Will South Carolina’s evangelical Christians vote for Mitt Romney?
Team Romney hopes they will, and is launching a new radio ad in the Palmetto State in an effort to woo the key GOP primary voting bloc.
The minute-long spot, “Shares Our Values,” features a trio of prominent conservatives attesting to Romney’s bona fides on social issues.
“Today, Christian conservatives are supporting Mitt Romney because he shares their values: the sanctity of life, the sacredness of marriage and the importance of the family,” says the ad’s female narrator.
The ad notes that Sen. Jim DeMint (R-S.C.), who endorsed Romney’s bid four years ago, said in 2007 that the former Massachusetts governor “feels passionately that the value of human life begins at conception.”

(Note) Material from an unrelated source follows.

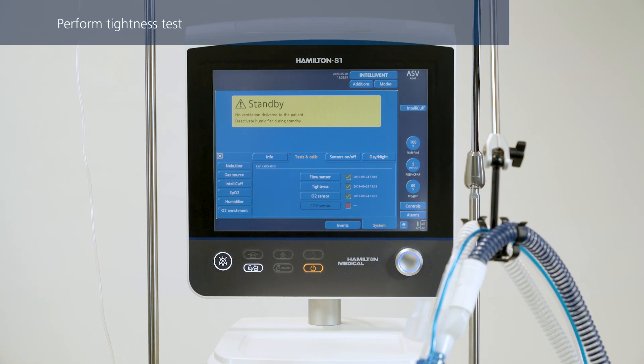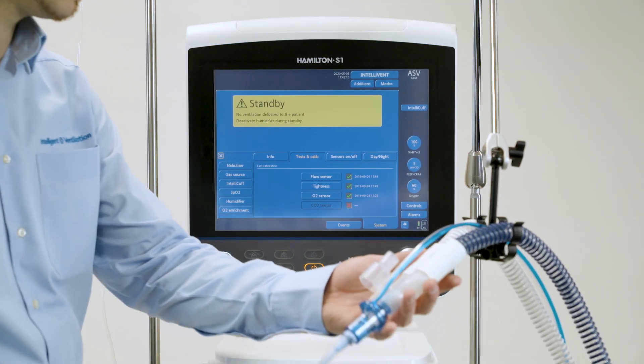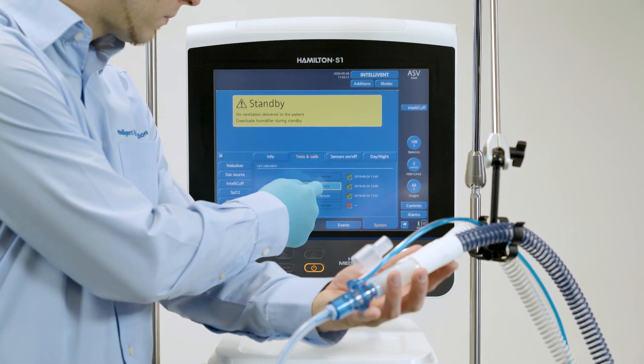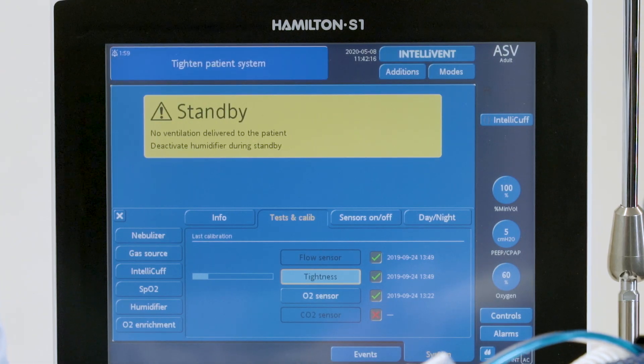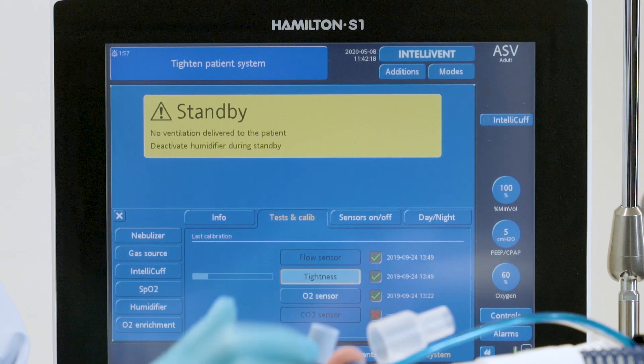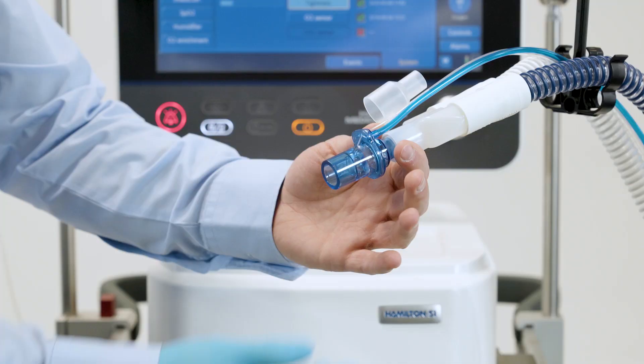The tightness test checks for leakage in the patient breathing circuit. To perform the tightness test, select the desired operation, then follow the instructions from the ventilator. Please note that wearing a glove is recommended. When the 'Disconnect patient' message appears, disconnect the test lung. When the message 'Tighten patient system' is displayed, block the opening.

It features Mary Ann Glendon, a Harvard Law professor and former U.S. ambassador to the Holy See, stating that Romney “should be welcomed as a great success story for the pro-life movement.”
And it also cites a February 2007 National Review op-ed by James Bopp, Jr., the general counsel for the National Right to Life Committee and former Republican National Committee vice-chairman, who served as an unpaid adviser to Romney’s 2008 campaign.
In his op-ed, Bopp wrote that Romney displayed “both conviction and courage” on social issues during his time as governor.
Evangelicals, or “born-again” Christians, make up a sizeable chunk of South Carolina’s Republican electorate; in 2008, they comprised about 55 percent of all GOP primary voters. Romney won only 11 percent of those voters four years ago, while former Arkansas governor Mike Huckabee swept evangelicals with 43 percent of their vote.
This time around, though, evangelicals seem to have warmed up to Romney: A CNN/Time/Opinion Research poll earlier this month showed the former Massachusetts governor taking 35 percent among self-described born-again Christians, compared with 22 percent for former senator Rick Santorum (R-Pa.), 20 percent for former House speaker Newt Gingrich (R-Ga.) and 15 percent for Rep. Ron Paul (R-Texas).
Romney still faces a battle over his position on social issues, however — namely, a Gingrich TV ad in South Carolina taking aim at Romney’s record on abortion rights as governor.